The frame buffer address (X, Y) where CRTC3 occurs is the first vertex on the window (X ₁ , Y ₁ )
Wind buffer 1a address when it matches
The address conversion circuit ATC generates a _s , and in the same way, the coordinate values (X, Y) representing the dot on the window are sequentially converted into window buttons until they match the second vertex (X ₂ , Y ₂ ) on the window. The procedure for converting into the one-dimensional address a(x _i , y _i ) of the address space 1a will be explained below.

x _p -x _s = d _x (dot)...(1) x _p -x _s +1 = d _y (dot)...(2) If
The one-dimensional address a(x _p , y _p ) on the wind buffer corresponding to the two-dimensional coordinates (x _p , y _p ) of the vertex of is expressed by the formula
It can be expressed as (3).

a (x _p , y _p ) = a _s + d _y × (y _p − y _{s )} + d _{x …} (3) Similarly, the two-dimensional coordinates ( The one-dimensional address a(x _i , y _p ) on the window buffer of x _i , y _p ) can be expressed by equation (4).

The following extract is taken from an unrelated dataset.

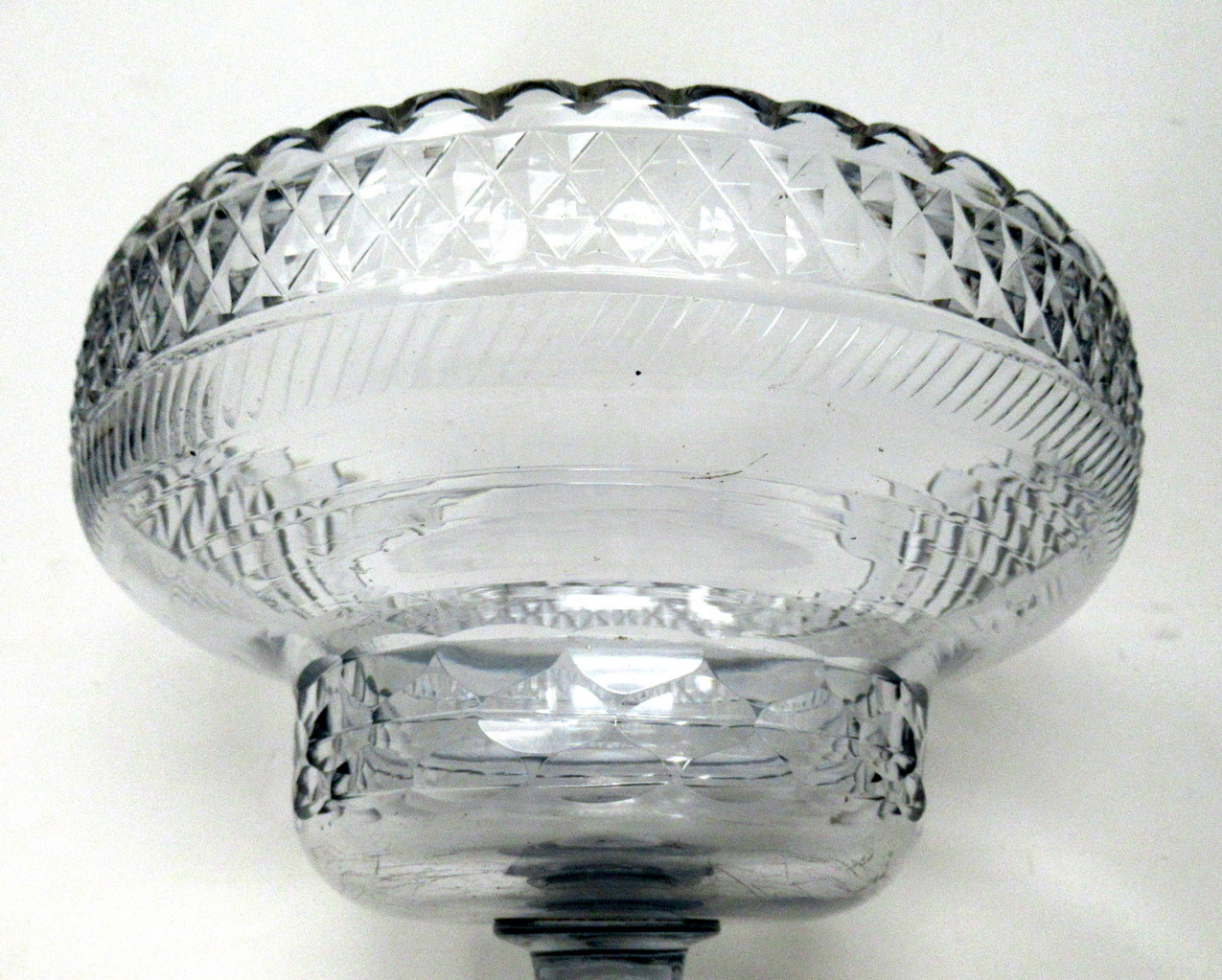 Antique Irish Tipperary Waterford Glass Cut Crystal Georgian Centerpiece Bowl 18Ct - Image 7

a (x _i , y _p ) = a _s + d _y × (y _p − y _s ) + d _x + i …(4) Find the number of the line containing the point (x _p , y _p ) or (x _i , y _p ). 0, the address a(x _i , y _j ) on the window buffer of the point (x _i , y _j ) on the j-th line can be expressed by equation (5).

a(x _i , y _j )=a _s +d _y ×(y _p +j−y _s )+d _x +i
(5) Equation (5) uses variables i and j to represent the one-dimensional address on the window buffer of an arbitrary dot in the partial image. Equation (5) can be expressed as Equation (6) from Equations (1) and (2).

a(x _i , y _j )=a _s +(x _e −x _s +1) ×(y _p −y _s +j) +(x _p −x _s )+i = a _s +(x _e −x _s +1) ×(y _p −y _s ) +(x _e −x _s +1)×j+(x _p −x _s )+i …(6) Here, if the address of the wind buffer 1a is managed two-dimensionally The address of the expression
It is possible to express it as (7) and (8).

a _x = x _p + i ... (7) a _y = y _p + j ... (8) It is very easy to realize the functions of equations (7) and (8) with hardware. Equation (6) can also be implemented in hardware relatively easily.

Note that equations (6), (7), and (8) represent the window buffer address of one plane, but for color display, it is necessary to read multiple window buffers at the same time. . To do this, it is necessary to set the number of planes that make up the screen image and the identifier of that plane in the address conversion circuit ATC for each window.

Then, at the same time as the window buffer address conversion circuit ATC expressed by equation (6) or equations (7) and (8) is generated, a mechanism is provided to notify the window buffer of the designation information of the window buffer to be read in parallel.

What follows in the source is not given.